EXERCISE PROMPT
A word-for-word copy is required of the line containing "1. Travel Tips: It" and of each line after it in the material below, through the last one.

INPUT DATA
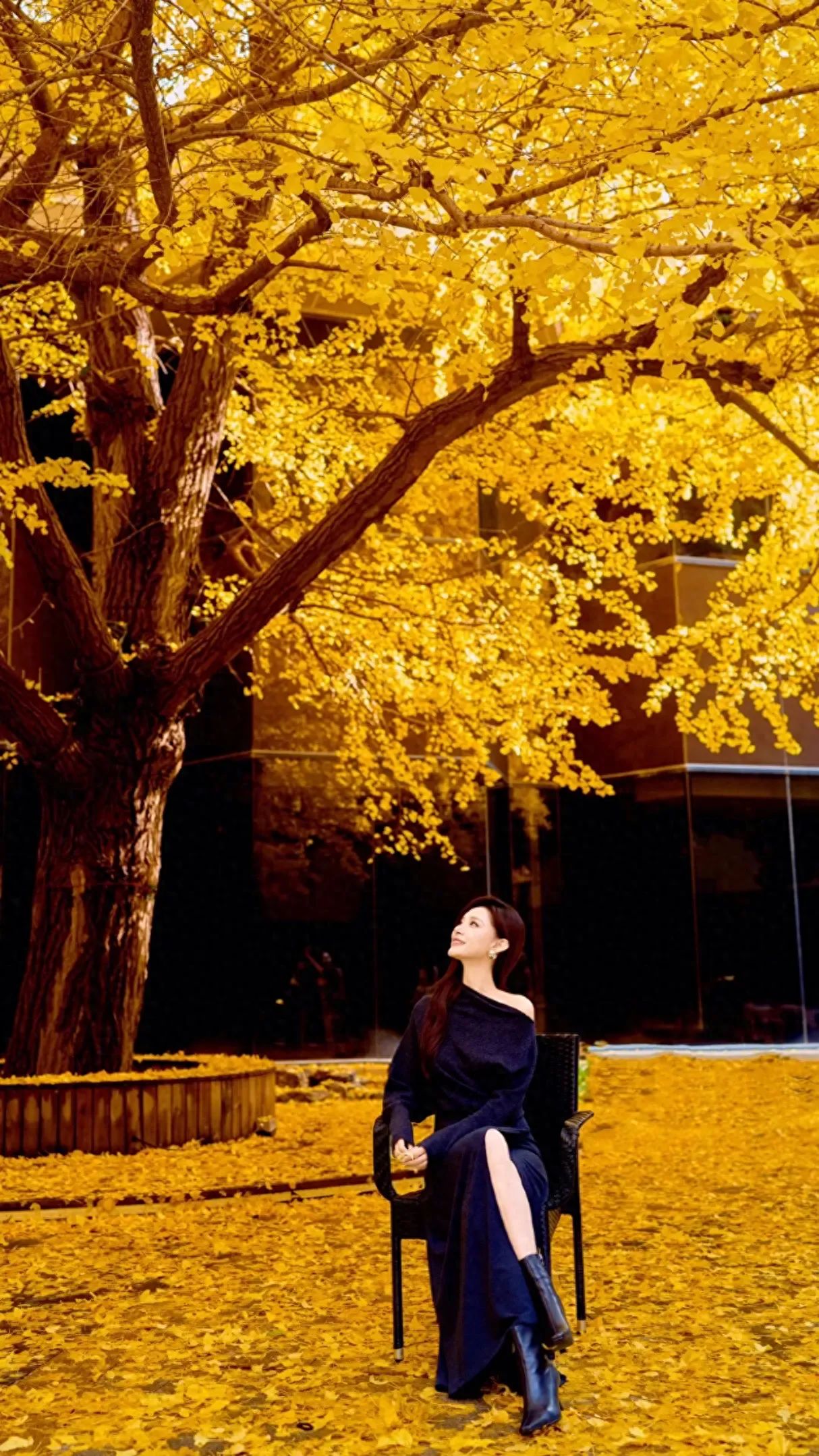 The photographer uses a low angle with a slight upward tilt, capturing the model sitting on the ground covered with fallen leaves, with the background including ginkgo trees and part of a building's glass wall to highlight the autumn atmosphere and the integration of the character. The model is positioned on the right third line of the frame, with the left side filled with tree trunks and layered canopies to enhance the balance and depth of the image.

1. Travel Tips: It is recommended to go for the shoot in the morning.
2. Outfit Suggestions: It is suggested to wear black and white colored clothing.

OUTPUT FOR THIS TASK
1. Travel Tips: It is recommended to go for the shoot in the morning.
2. Outfit Suggestions: It is suggested to wear black and white colored clothing.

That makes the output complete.